WORKING DATA
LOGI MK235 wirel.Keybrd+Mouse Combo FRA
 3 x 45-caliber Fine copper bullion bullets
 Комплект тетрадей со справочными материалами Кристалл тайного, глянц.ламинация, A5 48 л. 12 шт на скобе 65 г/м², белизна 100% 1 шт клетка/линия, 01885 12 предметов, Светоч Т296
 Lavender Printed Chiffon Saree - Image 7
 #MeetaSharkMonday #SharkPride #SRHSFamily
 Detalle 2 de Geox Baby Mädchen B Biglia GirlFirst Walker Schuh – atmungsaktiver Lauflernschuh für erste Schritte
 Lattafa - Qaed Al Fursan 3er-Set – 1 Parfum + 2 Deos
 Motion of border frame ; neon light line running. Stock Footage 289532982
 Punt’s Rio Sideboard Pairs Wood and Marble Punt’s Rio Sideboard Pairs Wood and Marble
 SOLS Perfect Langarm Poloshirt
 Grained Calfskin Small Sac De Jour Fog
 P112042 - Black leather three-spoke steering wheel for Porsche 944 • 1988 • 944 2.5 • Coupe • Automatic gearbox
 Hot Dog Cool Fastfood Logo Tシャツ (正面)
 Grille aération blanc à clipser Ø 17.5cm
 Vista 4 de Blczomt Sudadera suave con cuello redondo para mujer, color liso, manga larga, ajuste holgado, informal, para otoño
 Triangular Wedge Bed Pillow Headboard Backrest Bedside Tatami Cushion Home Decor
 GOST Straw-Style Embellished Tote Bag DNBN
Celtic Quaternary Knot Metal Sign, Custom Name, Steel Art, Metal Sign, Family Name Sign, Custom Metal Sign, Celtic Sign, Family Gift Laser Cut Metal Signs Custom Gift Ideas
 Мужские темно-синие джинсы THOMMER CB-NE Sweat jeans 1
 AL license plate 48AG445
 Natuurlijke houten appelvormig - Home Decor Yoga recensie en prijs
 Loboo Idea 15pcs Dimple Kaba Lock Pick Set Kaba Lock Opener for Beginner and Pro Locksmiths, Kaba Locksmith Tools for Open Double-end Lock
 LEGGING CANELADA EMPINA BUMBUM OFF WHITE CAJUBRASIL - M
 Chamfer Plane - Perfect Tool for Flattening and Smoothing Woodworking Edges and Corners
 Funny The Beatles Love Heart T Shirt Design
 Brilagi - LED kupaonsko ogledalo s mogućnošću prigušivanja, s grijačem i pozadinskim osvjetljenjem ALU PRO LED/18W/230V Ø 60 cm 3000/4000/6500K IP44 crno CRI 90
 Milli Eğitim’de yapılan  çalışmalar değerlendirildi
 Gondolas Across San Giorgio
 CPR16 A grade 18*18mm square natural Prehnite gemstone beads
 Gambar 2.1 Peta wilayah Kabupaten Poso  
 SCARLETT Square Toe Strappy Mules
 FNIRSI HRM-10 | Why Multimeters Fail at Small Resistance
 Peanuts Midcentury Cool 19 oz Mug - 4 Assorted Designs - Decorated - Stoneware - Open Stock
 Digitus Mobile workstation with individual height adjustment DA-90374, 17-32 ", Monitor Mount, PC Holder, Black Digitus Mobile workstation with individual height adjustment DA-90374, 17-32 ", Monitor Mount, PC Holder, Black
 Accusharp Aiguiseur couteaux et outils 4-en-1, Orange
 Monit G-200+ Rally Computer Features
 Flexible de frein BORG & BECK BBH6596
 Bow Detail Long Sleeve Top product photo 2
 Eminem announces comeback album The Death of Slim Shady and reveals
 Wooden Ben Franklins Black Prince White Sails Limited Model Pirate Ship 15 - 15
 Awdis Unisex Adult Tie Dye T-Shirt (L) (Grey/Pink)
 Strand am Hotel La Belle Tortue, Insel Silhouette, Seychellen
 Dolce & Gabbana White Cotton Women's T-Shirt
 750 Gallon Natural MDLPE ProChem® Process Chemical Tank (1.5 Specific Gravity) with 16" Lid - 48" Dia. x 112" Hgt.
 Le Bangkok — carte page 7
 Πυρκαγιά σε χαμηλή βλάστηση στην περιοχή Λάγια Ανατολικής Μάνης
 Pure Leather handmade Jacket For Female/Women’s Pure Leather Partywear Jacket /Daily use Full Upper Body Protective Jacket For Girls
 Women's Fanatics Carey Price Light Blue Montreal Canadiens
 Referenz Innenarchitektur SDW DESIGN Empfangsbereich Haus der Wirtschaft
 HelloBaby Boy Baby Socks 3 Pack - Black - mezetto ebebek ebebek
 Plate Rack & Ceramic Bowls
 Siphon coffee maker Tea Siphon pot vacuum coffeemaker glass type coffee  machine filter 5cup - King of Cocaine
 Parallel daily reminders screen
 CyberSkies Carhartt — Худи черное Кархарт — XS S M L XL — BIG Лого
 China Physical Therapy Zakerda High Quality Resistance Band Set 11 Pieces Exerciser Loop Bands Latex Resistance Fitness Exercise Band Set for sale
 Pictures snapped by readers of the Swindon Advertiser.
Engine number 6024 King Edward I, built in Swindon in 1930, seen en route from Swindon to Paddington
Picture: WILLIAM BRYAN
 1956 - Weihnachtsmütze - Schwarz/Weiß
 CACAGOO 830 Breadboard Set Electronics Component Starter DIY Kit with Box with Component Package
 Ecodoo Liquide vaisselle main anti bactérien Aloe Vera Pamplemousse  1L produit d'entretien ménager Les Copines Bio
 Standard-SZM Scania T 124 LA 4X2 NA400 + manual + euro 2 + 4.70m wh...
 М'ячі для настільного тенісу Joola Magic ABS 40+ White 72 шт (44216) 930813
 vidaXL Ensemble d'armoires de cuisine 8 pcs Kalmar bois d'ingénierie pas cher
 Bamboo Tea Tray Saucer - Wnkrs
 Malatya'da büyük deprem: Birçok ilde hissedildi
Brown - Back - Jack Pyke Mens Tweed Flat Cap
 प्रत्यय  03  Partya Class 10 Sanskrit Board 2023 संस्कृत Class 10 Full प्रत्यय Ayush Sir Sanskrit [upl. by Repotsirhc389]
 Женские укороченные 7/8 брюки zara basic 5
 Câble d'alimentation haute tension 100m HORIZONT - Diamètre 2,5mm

WORK INSTRUCTION
Each line above from the one with "GOST Straw-Style Embellished Tote Bag DNBN" up to and including the one with "Chamfer Plane - Perfect" must be set down exactly, and no line outside that span may appear.

SOLUTION TO THIS PROBLEM
 GOST Straw-Style Embellished Tote Bag DNBN
Celtic Quaternary Knot Metal Sign, Custom Name, Steel Art, Metal Sign, Family Name Sign, Custom Metal Sign, Celtic Sign, Family Gift Laser Cut Metal Signs Custom Gift Ideas
 Мужские темно-синие джинсы THOMMER CB-NE Sweat jeans 1
 AL license plate 48AG445
 Natuurlijke houten appelvormig - Home Decor Yoga recensie en prijs
 Loboo Idea 15pcs Dimple Kaba Lock Pick Set Kaba Lock Opener for Beginner and Pro Locksmiths, Kaba Locksmith Tools for Open Double-end Lock
 LEGGING CANELADA EMPINA BUMBUM OFF WHITE CAJUBRASIL - M
 Chamfer Plane - Perfect Tool for Flattening and Smoothing Woodworking Edges and Corners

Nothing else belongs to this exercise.